Ich finde es ehrlich gesagt erstaunlich, wie man die Realität der letzten Jahre so ausblenden kann. Wir hatten in Deutschland vieles, aber ganz sicher keinen neoliberalen Staat. Im Gegenteil, der Staat greift immer stärker in nahezu alle Lebensbereiche ein, die Abgabenquote ist hoch, die Bürokratie wächst kontinuierlich, immer mehr wird reguliert, subventioniert und umverteilt. Diese Auswüchse haben wir erst heute auf der PK von Herrn Klingbeil erleben dürfen.
Für mich ist genau das linke Politik. Und das beschränkt sich längst nicht auf SPD oder Grüne.
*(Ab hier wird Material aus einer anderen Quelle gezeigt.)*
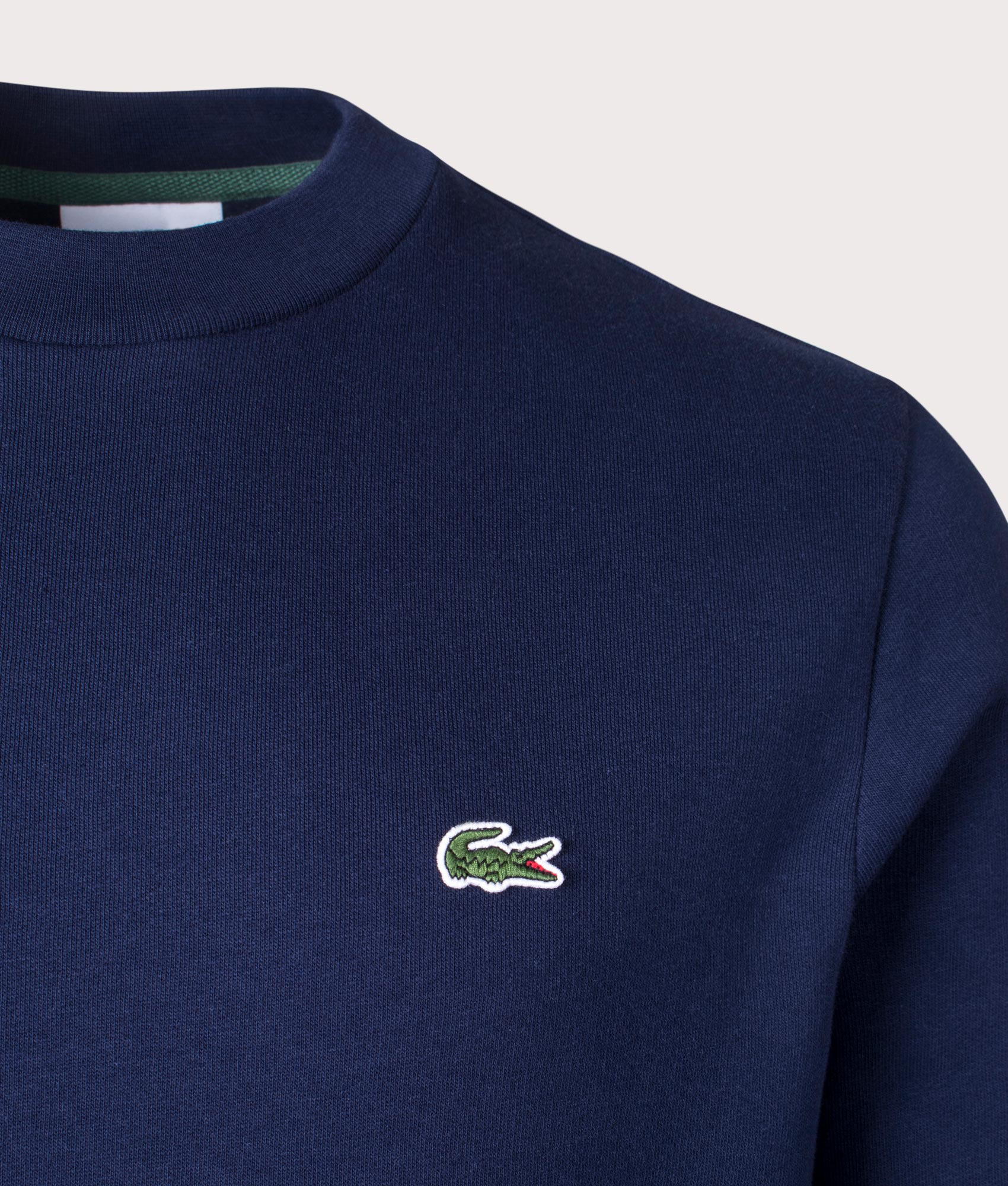 Relaxed Fit Brushed Cotton Sweatshirt in Navy Blue | Lacoste | EQVVS | Front detail shot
Selbst Parteien, die sich als bürgerlich oder konservativ bezeichnen, betreiben am Ende dieselbe Politik, der Staat glaubt, mit dem Geld der Bürger besser umgehen zu können als die Bürger selbst und genau das ist das Gegenteil von neoliberal.
Das Ergebnis der letzten Jahrzehnte sehen wir jeden Tag, ein kaum noch wettbewerbsfähiges Bürokratiemonster, das vor Ineffizienz strotzt, immer mehr Personal, immer neue Behörden, immer neue Förderprogramme, und gleichzeitig der permanente Ruf nach höheren Steuern, neuen Abgaben oder zusätzlichen Schulden.
Diese Einschätzung nennt man wie?
Neoliberal!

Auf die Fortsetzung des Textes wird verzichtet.